It seems as though I hear more and more often about food allergies and food intolerance in children. In the past, I've known little about either of them other than that there are some individuals who absolutely cannot have food items such as nuts, shellfish, or dairy and in doing so, they could go into some sort of a shock where they are rushed to the hospital needing immediate care. A food allergy is when a person's body produces a substance called immunoglobulin E (IgE) antibodies to a particular food because it believes it is harmful. When presented with this particular food, the body will react immediately to or within a few hours to that food. It can better be explained here. So what is a food intolerance?

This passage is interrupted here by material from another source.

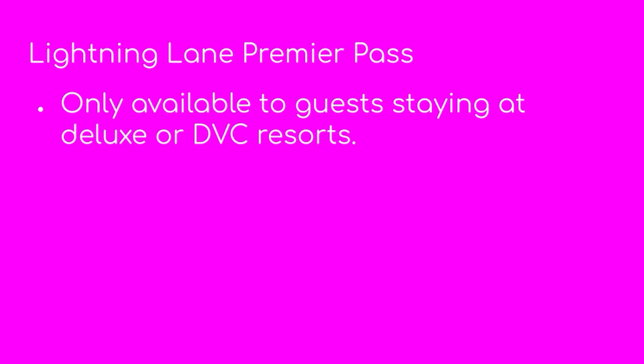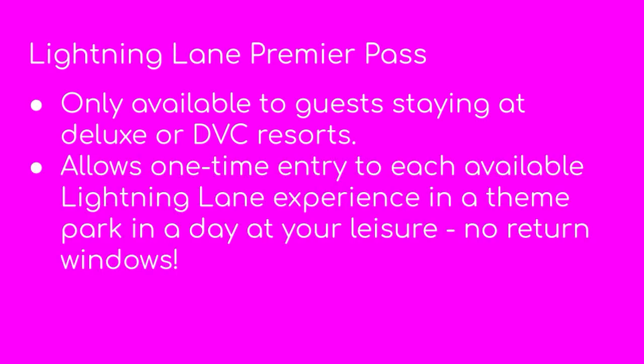Moving on to the most controversial — the lightning lane premier pass. This is only for guests staying at a Disney deluxe resort or a Disney DVC, which is Disney Vacation Club Villas Resort, also considered a deluxe. It allows one-time entry into every lightning lane experience in one particular theme park per day, with no return windows — you can just go in the lightning lane whenever you want. The early info shows the cost, and you're going to be blown away, is between $129 and $329 per person per day.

A food intolerance (when the body produces IgG, not IgE antibodies) is a digestive response to a particular food rather than an immune system response. The way I understand it is when the digestive system has a problem digesting a particular substance, it sends messages to other parts of the body including but not limited to the brain, the intestinal tract, and the nervous system. This in turn can cause behavioral changes in the individual. According to WEBmd.com, there are many factors that may contribute to food intolerance. In some cases, as with lactose intolerance, the person lacks the chemicals, called enzymes, necessary to properly digest certain proteins found in food. Also common are intolerances to some chemical ingredients added to food to provide color, enhance taste, and protect against the growth of bacteria. These ingredients include various dyes and monosodium glutamate (MSG), a flavor enhancer.

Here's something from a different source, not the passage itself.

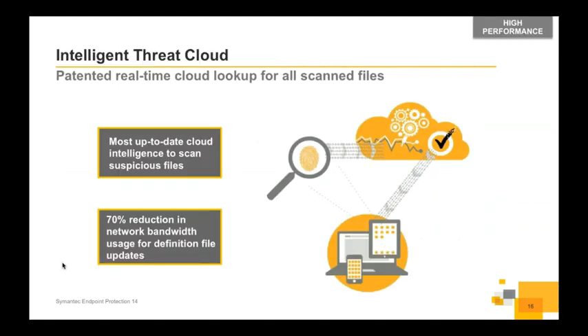One key feature — completely optional depending on deployment type — is what we call the Intelligent Threat Cloud. When a user runs an application, we can pull that file up and monitor what it looks like against known signatures we have in the cloud. Instead of pulling definitions for every signature, we just look to the cloud, provide the file's hash, and ask: is it malicious or not? This leads to essentially a 70% reduction in bandwidth for definition file updates, with a huge reduction in definition sizes.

Another really common food ingredient that continues to cause intolerance in individuals is Red Dye #40, a common ingredient in many food items on our supermarket shelves, which can include "fruit" drinks, candy, and snacks. After learning more about this common additive, it's no wonder why it's causing harm to individuals all across the globe. It's a by-product of coal tar!
Some behaviors caused by food intolerances are:
According to the American College of Allergy and Immunology, they include upset stomach, gastroenteritis, runny nose, dark circles under the eyes, shock, edema or swelling, anxiety, ulcers, joint pain, asthma, addictions, and rashes. In children they can cause seizures, red ear lobes, red cheeks, excessive talking or aggressive behavior, bedwetting and attention deficit.
A few months back, my chiropractor noted similar behavioral traits in my son that she once experienced in her own son. The glazed look, the inability to concentrate when being spoken to, the dark eye circles, the high energy then the immediate low energy (just to name a few). She explained to me that these behaviors can all be associated to allergies and intolerances to specific food items. She was so helpful in passing along information to us about these conditions, how to test for them and food choices to move forward with. Although we still have yet to do the lab tests with Park as we are waiting for them to come in the mail, I went ahead and took him off dairy, a HUGE staple in his daily diet, to see if there was a difference in his behavior.
And low and behold, there was. In the past, Park has been a picky eater. I was lucky to get one meal in him a day, despite removing all snacks from his diet. He always reached for his milk before eating the rest of his meals, then rarely touched anything else on his plate. Now for the time being, I am placing the majority of his change in behavior due to the fact that because he isn't filling up on milk products, he is more open to other choices. BUT, choosing to remove dairy has been the best thing we've done for him in a long time and the possibility of an intolerance to it is high. So we will wait and see the test results but continue the no dairy diet.
I should also mention that I myself am lactose intolerant. I have not been able to drink a glass of milk or eat ice cream in many years (as is my own mother)...and food allergies and intolerance can be passed down through generations.
Just last night, Park ate chicken breast and a half cupful of peas...that's HUGE! We are very pleased. And since you are what you eat, his behavior has been very different. He looks at us while we speak to him, he enjoys reading books again and listens well, I can take him places and he holds my hand...it's great. I am really looking forward to testing him for a dairy, nut and gluten intolerance. It's nice that I have this option and when presented with the results, I can rule things in or out with regards to the struggling behavior we have had with him in the past. ( I should also note that food intolerance behaviors in children are much like autistic behaviors in young children. As you may remember, we were presented with this suggestion with Park last summer. Luckily, and for the time being, autism has been ruled out for Park. However, his behaviors have not completely disappeared...which is why we are still working diligently on figuring out a cause for them.)
There is an excellent link that can better explain how a person can behave with a food intolerance. You can view that here. I highly recommend reading this...it is a great source of information!
A source to order lab tests to test for food allergies and intolerance can be found here. The lab tests are a bit pricey but so worth it if you have a child with any of the above behaviors! And if you hang on to those receipts, you can write them off as a medical (lab) deduction on your tax return.
I should thank my wonderfully smart and giving chiropractor, Dr. Christine, for encouraging me to move forward with Park's diet and the culprit of his behaviors. Many people wouldn't waste their time telling another about their experience with it all, sending me links to more information and giving me fantastic recipes and food tips for Park's new diet. Like she has said, so many people ask her if it is a huge pain to buy dairy-nut-gluten free food items for her family with which she replies, it is a much larger pain having a child that behaves the way they once did. And I totally get it!